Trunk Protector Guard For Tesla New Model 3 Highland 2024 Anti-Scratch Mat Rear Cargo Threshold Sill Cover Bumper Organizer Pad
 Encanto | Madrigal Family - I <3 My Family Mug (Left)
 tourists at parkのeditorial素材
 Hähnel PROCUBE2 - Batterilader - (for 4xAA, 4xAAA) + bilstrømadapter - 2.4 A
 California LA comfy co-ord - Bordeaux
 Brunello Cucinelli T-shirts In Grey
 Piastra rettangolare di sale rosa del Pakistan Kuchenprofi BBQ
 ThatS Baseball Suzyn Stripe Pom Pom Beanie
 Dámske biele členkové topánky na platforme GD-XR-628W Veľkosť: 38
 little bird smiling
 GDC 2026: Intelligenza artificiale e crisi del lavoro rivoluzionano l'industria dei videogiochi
########################################
WHAT TO PRODUCE: Starting at the top of the records, copy every line exactly.

SOLUTION:
Trunk Protector Guard For Tesla New Model 3 Highland 2024 Anti-Scratch Mat Rear Cargo Threshold Sill Cover Bumper Organizer Pad
 Encanto | Madrigal Family - I <3 My Family Mug (Left)
 tourists at parkのeditorial素材
 Hähnel PROCUBE2 - Batterilader - (for 4xAA, 4xAAA) + bilstrømadapter - 2.4 A
 California LA comfy co-ord - Bordeaux
 Brunello Cucinelli T-shirts In Grey
 Piastra rettangolare di sale rosa del Pakistan Kuchenprofi BBQ
 ThatS Baseball Suzyn Stripe Pom Pom Beanie
 Dámske biele členkové topánky na platforme GD-XR-628W Veľkosť: 38
 little bird smiling
 GDC 2026: Intelligenza artificiale e crisi del lavoro rivoluzionano l'industria dei videogiochi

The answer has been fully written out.